The correction factor is then (1 - Nna/N) as long as Nna / N < 0.2.
As long as the locations of missing values are randomly
distributed the implemented procedure workes quite robust. If, in any case,
the distribution becomes correlated the proposed correction is faulty and
projects the wrong energies.
The amplitudes and PSD values are compensated to show up an estimate of the "correct" value. Therefore this method is experimental
Examples
#### noisy signal with amplitude modulation ####
x <- seq(0,3, length.out = 1000)
# original data
# extended example from envelope function
y <- 1*(abs(x-1.5))*sin(10*2*pi*x) + ifelse(x > 1.5,sin(15*(1+0.25*(x - 1.5))*2*pi*x),0)

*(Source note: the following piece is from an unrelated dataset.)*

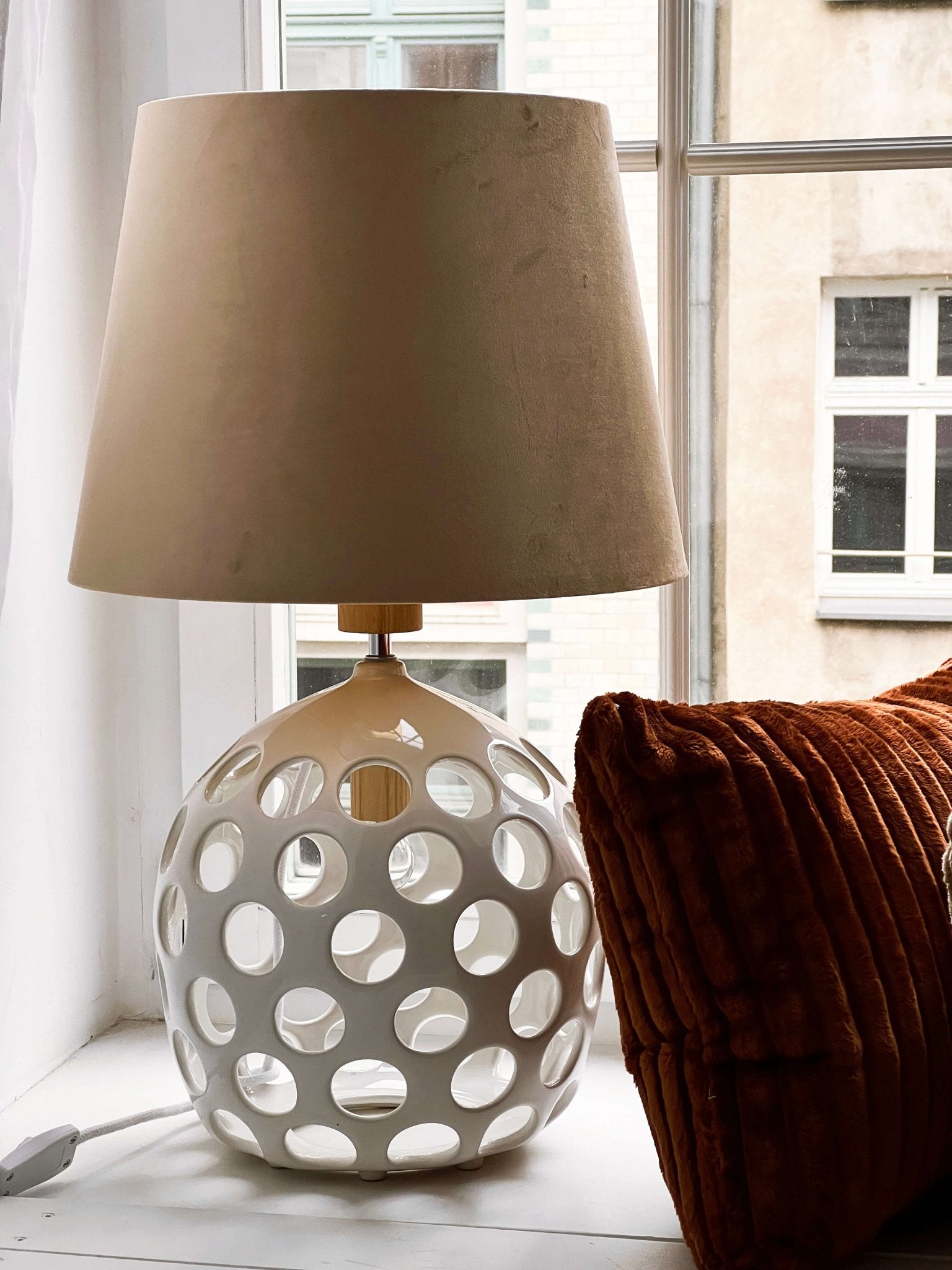 Lampa z abażurem - Orion Simple - projekcja światła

ye <- base::Re(envelope(y))
par(mfrow=c(2,1),mar=c(1,3.5,3,3),mgp=c(2.5,1,0))
# plot results
plot(x,y,type="l",lwd=1,col="darkgrey",lty=2,ylab="y",main="Original Data",xaxt="n",xlab="")
lines(x,ye)
legend("bottomright",c("modulated","envelope"),col=c("grey","black"),lty=c(2,1))
par(mar=c(3.5,3.5,2,0))
wf <- waterfall(y,x,nf = 3)
# rasterImage2(x = wf$x, y = wf$fx, z = wf$A
# ,ylim = c(0,60))
plot(wf,ylim=c(0,40),main="Waterfall")
#### uncertainty principle ####
#
# take a look at the side effects
# at [0,30] and [1,0]
#
# With a large steepness e.g. n = 50 you will gain
# artefacts.
#
# if frequency is not stationary
# PSD becomes > 1 depending on the type of band filter.
#
###############################
x <- seq(0,1, length.out=1500)
y <- sin(100*x*x)
FT <- spec.fft(x = x, y = y)
wf <- waterfall(y,x)
par(mfrow=c(2,1),mar=c(1,3.5,3,3),mgp=c(2.5,1,0))
# plot results
plot(x,y,type="l",lwd=1,col="darkgrey",lty=2,ylab="y",main="Original Data",xaxt="n",xlab="")
par(mar=c(3.5,3.5,2,0))
plot(wf
,ylim=c(0,40),main="Waterfall"
)
abline(h = 25, lty = 3, lwd = 3, col = "grey")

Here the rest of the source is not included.